L’associazione dei Costruttori Europea, ACEA, ci manda una fotografia della situazione del mercato automobilistico europeo del mese di aprile appena trascorso. Purtroppo le immatricolazioni in UE, nei Paesi Efta e nel Regno Unito non sembrano riprendersi, anzi. In tutto sono state vendute 830.447 auto, con un calo del 20,2% rispetto allo stesso periodo del 2021.

E non solo, se paragonati all’epoca precovid, quindi al 2019, i numeri di aprile 2022 sono spaventosi e registrano un pessimo -38,3%. La discesa sembra non volersi arrestare, continua senza sosta.
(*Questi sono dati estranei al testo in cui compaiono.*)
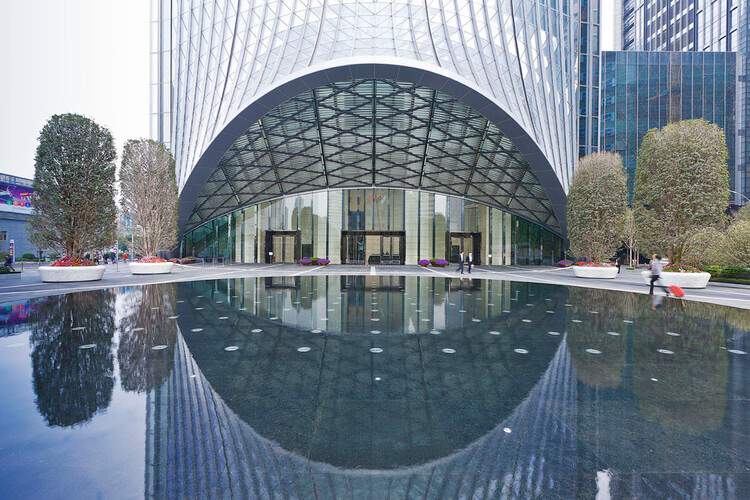 英国后现代主义建筑师、法雷尔事务所（Farrells）创始人特里·法雷尔逝世，享年87岁 - 4 的图像 5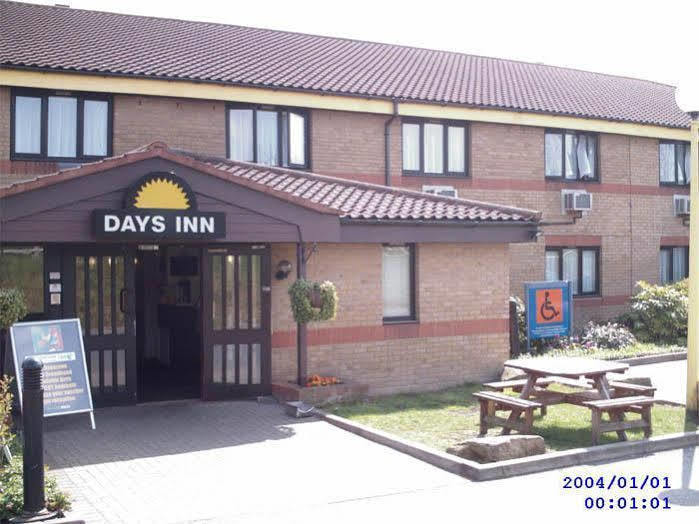 Days Inn By Wyndham London Stansted Airport Birchanger Εξωτερικό φωτογραφία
Prima la pandemia, poi la crisi dei semiconduttori e i ritardi nelle consegne di nuove auto, e oggi anche la guerra tra Russia e Ucraina: tutti fattori che hanno contribuito e mettere in seria difficoltà il settore automobilistico.

La situazione drammatica dell’Europa

I cinque più grandi mercati dell’Unione Europea sono in flessione, registrano perdite continue per quanto riguarda le immatricolazioni di nuove auto. Siamo a un pessimo -33% per l’Italia, -22,6% per la Francia, -21,5% per la Germania, -15,8% per il Regno Unito e -12,1% per la Spagna. Come ha spiegato l’Unrae, il nostro Paese: “Con la perdita di un terzo esatto dei volumi, dovuta soprattutto alla lunga attesa degli incentivi, segna nel mese di aprile il peggiore risultato del continente dopo la Lituania”, ed è drammatico, a dir poco. Oggi finalmente è stato approvato il decreto che prevede gli ecobonus per l’acquisto di nuove auto, incentivi che aiutino a sostenere la domanda, anche se abbiamo visto il paradosso delle consegne di veicoli, in estremo ritardo. E non è tutto, perché il Ministro dello Sviluppo Economico Giancarlo Giorgetti ha sottolineato che ora servono anche degli incentivi per sostenere le imprese del settore automotive.

Che cosa ha fatto il Mise

Giorgetti aggiunge (come abbiamo letto sull’ANSA): “Il Mise ha già formalizzato le sue proposte e le somme stanziate sono di 700 milioni per il 2022 e di 1 miliardo per gli anni a seguire”. Gian Primo Quagliano, presidente del Centro Studi Promotor, ha spiegato: “Le cause del crollo delle immatricolazioni sono le stesse in tutti i paesi dell’area: la pandemia, la crisi dei microchip, il ritorno dell’inflazione, l’impatto psicologico della guerra in Ucraina, l’effetto tangibile della guerra sulle forniture alle case automobilistiche, i rincari dei prodotti energetici ed in particolare di benzina e gasolio, l’impatto negativo per i Paesi occidentali delle sanzioni alla Russia. E a tutto questo si aggiunge che non si vede al momento in ambito europeo quali specifici provvedimenti si intendano prendere per sostenere un settore strategico come quello dell’automobile”.

Quagliano sostiene inoltre che gli incentivi auto 2022 serviranno per aumentate le immatricolazioni di circa 200.000 unità in tutto. Si tratta sicuramente di un risultato che possiamo definire apprezzabile, ma non sarà sufficiente a risollevare il settore. L’Unrae sostiene che “la pubblicazione del decreto sugli incentivi, a tre mesi dall’annuncio, è finalmente una buona notizia, ma non basta per far ripartire velocemente il mercato, anche perché non sono ancora disponibili tutti i chiarimenti operativi necessari per orientare correttamente i concessionari”. E infine la parola passa a Paolo Scudieri, presidente dell’Anfia, la cui speranza è che “l’avvio degli incentivi all’acquisto delle auto a zero e a basse emissioni possa mettere fine all’effetto attesa e far ripartire le vendite”.